WEST Excessive heat warnings have driven demand up across the Western Interconnection and, for reliability purposes, forced CAISO to cut exports to the Desert South-west, where the highest Day Ahead prices have been logged because of insufficient regional capacity to meet peak demand. The Palo Verde trading hub in Arizona and Mead hub in Nevada have had to send price signals high enough to incentivize non-CAISO-sourced power to flow into their regions. Consequently, the on-peak Day Ahead LMP cleared around $1,420/MWh today.
ERCOT Term prices have been mixed this week, still trading well above last week’s levels despite retreating from the highs of this Monday and Tuesday. Summer heat rates have risen as demand has stayed high, intermittent resources have per-formed below expectations, more thermal units than expected are down, and natural gas prices have increased. Meanwhile, real-time prices rose this week on days 13 and 14 during the super-peak hours as typical summer conditions have materialized. In addition, the ORDC adder has climbed near $4.00/MWh, well above that of June 2019 and June 2020.

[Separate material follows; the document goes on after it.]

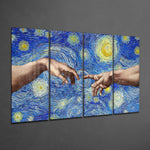 The Creation 4 Pieces Mega Glass Wall Art (59"x36") | Insigne Art Design.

EAST Like the weather in some parts, prices have cooled off this week. Day Ahead has fallen by approximately $5/MWh in all main hubs except MISO’s Indiana Hub and PJM’s NI Hub. At Indiana Hub, where the weather remains hot, the Day Ahead average is $36/MWh (roughly $3/MWh above last week’s average) and the DART spread is almost zero. At NI Hub, both Day Ahead and Real Time have barely moved since last week, Day Ahead averaging $31/MWh and Real Time averaging $33/MWh.